The Bonhoeffer book in particular put Metaxas on the map. But Metaxas was in his late 40s by that time and had been trying to establish himself as a professional writer for years. He did kids books, Veggie Tales, and a host of other smaller projects, all as he tried to both establish himself within a kind of cultural elite of the writing world and make enough money to pay the bills.
And today Metaxas, whose Bonhoeffer book while well-written did have some real academic problems, seems to be slowly morphing into another Dinesh D’Souza. He’s endorsed Trump. His latest book plays fast and loose with historical fact. He has mocked scholars who criticized the work of known hack David Barton.
What is so frustrating about this development is that I actually have liked much of Metaxas’s work. I learned a lot from Bonhoeffer, even if there were some things I needed to be corrected on after reading. His work with Breakpoint has been both helpful and important. I’ve heard many good things about his Socrates in the City events in New York. If we’re drawing up teams in the culture war (which I generally don’t like doing, but OK) Metaxas and I are on the same team.
Even so, the way that Metaxas has turned himself into a media brand has hurt him. He is less useful to the conservative movement precisely because he has become such a branded member of that movement.

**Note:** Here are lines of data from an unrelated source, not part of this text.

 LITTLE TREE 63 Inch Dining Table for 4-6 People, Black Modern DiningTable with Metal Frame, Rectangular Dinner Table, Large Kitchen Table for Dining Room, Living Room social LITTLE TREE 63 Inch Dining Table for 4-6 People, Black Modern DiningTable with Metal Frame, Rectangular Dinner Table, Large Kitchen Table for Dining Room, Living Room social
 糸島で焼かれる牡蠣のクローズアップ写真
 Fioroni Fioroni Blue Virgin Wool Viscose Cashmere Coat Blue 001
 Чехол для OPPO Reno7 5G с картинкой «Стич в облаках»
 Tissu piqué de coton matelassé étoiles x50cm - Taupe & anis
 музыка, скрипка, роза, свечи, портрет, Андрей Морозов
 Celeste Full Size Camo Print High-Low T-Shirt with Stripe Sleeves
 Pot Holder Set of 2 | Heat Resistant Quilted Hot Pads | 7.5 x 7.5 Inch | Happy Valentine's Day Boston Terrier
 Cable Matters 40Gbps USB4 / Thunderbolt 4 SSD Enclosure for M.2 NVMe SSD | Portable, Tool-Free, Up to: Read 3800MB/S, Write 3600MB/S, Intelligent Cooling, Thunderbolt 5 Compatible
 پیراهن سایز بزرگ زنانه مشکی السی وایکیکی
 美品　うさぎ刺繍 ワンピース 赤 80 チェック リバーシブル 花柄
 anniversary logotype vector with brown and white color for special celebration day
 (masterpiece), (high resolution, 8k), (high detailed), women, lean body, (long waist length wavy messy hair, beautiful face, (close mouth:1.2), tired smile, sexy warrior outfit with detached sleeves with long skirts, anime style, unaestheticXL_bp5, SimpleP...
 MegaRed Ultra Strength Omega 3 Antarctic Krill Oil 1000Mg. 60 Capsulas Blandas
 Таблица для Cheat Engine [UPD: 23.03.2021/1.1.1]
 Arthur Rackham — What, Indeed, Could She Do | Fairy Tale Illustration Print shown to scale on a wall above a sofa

Metaxas is an extreme example, but there are many others who are only different from him in the degree to which they are afflicted by this problem. And, to be sure, this problem cannot be limited to one slice of the blogosphere. There are movement soldiers in most every online movement. The left has them. The right has them. Reformed evangelicalism has them. Progressive Christianity has them.
Indeed, it’s hard to be too tough on Metaxas because so much of the space in which we make writers today pushes us toward the sort of branding sensibilities that Metaxas so embodies. There is enormous pressure to embrace the sensational in order to win the attention of the squirrel-like internet masses. Our viability as authors with major publishers is judged at least in part by our Twitter followings even though Twitter follower counts mean basically nothing.
We are pressured, like the journalists Oliver describes, to build a “platform” on social media and to see ourselves as “authorpreneurs.” Of course, once we become personal businesses, we must consider the many questions that businesses must by necessity address. How do I manage customer relations in ways that will make people keep buying my product? How do I maintain good relations with other businesses in my niche?
And the trouble with all of this is that it teaches us as writers to think first of ourselves and only secondly about things like artistic craft, virtue, and truth. Moreover it shapes us into a kind of hyper self-awareness that is probably antithetical to cultivating the virtue of humility, which rests very near the center of Christian piety.
So the problem facing aspiring writers today is not simply one of employment status, although that is a major problem. We also must find ways of disciplining ourselves in the virtues necessary to produce good writing without the support structure that many American writers have enjoyed until quite recently and we must do that while operating under a set of pressures and constraints that older American writers generally did not face.
To be sure, we need to find a solution to the problem of funding journalistic work. But if we figure that out and there are no serious journalists to employ, we have actually accomplished very little.